Indian enterprise software market to reach $3.92 bn in 2013: Gartner

PTI Updated - March 12, 2018 at 04:18 PM.

Despite a challenging economic environment, the enterprise software market in India is projected to reach $3.92 billion in 2013, a 13.9 per cent growth over 2012 revenue of $3.45 billion, research firm Gartner said today.

“Growing maturity of Indian users is an important driver for overall growth,” Gartner Principal Research Analyst Asheesh Raina said in a statement.

Compounding the demand is the ongoing tendency for greater customer services along with the continued drive for infotech cost savings along with the incorporation of emerging technologies like mobility, cloud and business process management, he said.

“These new technologies, and demand for agility, brings in additional urgency and demand for infotech investments,” Raina said.

In 2013, India is expected to be the fourth largest enterprise software market in Asia-Pacific. The country is forecast to account for 11.6 per cent of the region’s total revenue of $33.73 billion in 2013 and 1.32 per cent of the total worldwide software market of $296 billion.

By 2017, India’s share of the software market in Asia-Pacific is expected to reach 13.11 per cent, representing $6.7 billion in revenue or 1.74 per cent of the total global software market revenue of $383 billion.

In comparison to other countries, the software market in India is still relatively small and evolving, Gartner said.

India enjoys a rich presence of international software and hardware vendors, backed by a very strong ecosystem of system integrators, service providers and business partners, it said.

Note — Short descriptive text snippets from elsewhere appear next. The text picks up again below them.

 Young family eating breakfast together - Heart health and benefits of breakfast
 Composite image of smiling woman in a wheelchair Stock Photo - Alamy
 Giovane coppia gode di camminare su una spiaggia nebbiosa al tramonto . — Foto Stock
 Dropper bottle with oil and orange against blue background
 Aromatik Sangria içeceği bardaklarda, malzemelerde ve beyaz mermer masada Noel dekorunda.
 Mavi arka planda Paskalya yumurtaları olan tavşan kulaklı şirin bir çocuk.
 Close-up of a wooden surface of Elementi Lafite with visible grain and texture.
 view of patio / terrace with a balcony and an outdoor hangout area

The combination of sustainable domestic demand, presence of global vendors, entry of new small vendors and what Gartner claims is the “nexus of forces” (convergence of new mobile, social, cloud and information computing environments) are the key drivers for high sustainable growth for India, it claimed.

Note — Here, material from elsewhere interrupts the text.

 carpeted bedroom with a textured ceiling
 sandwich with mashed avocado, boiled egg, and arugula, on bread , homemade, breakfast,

“End users in Asia-Pacific are expecting to increase their spending on application and infrastructure software, with India and China being the most optimistic and leading the way. It is closely followed by Malaysia and Singapore,” Raina said.

Increased budgets in India are expected because of the growing economy, increased globalisation, FDI in retail, aviation, media and ongoing investment in India as a customer service-related outsourcing destination, he added.

“Optimism regarding spending within Indian organisations reflects confidence in India’s regional economic performance, as well as the need to adopt better technology to effectively compete in a tougher global environment,” he said.

In the next five years, priority areas of software spending will include web conferencing; teaming platforms and social software suites; enterprise content management; customer relationship management (CRM) and security.

Indian enterprises are looking for cost effective use of technology before adoption of these tools, resulting in the fast growth of these markets, Gartner said.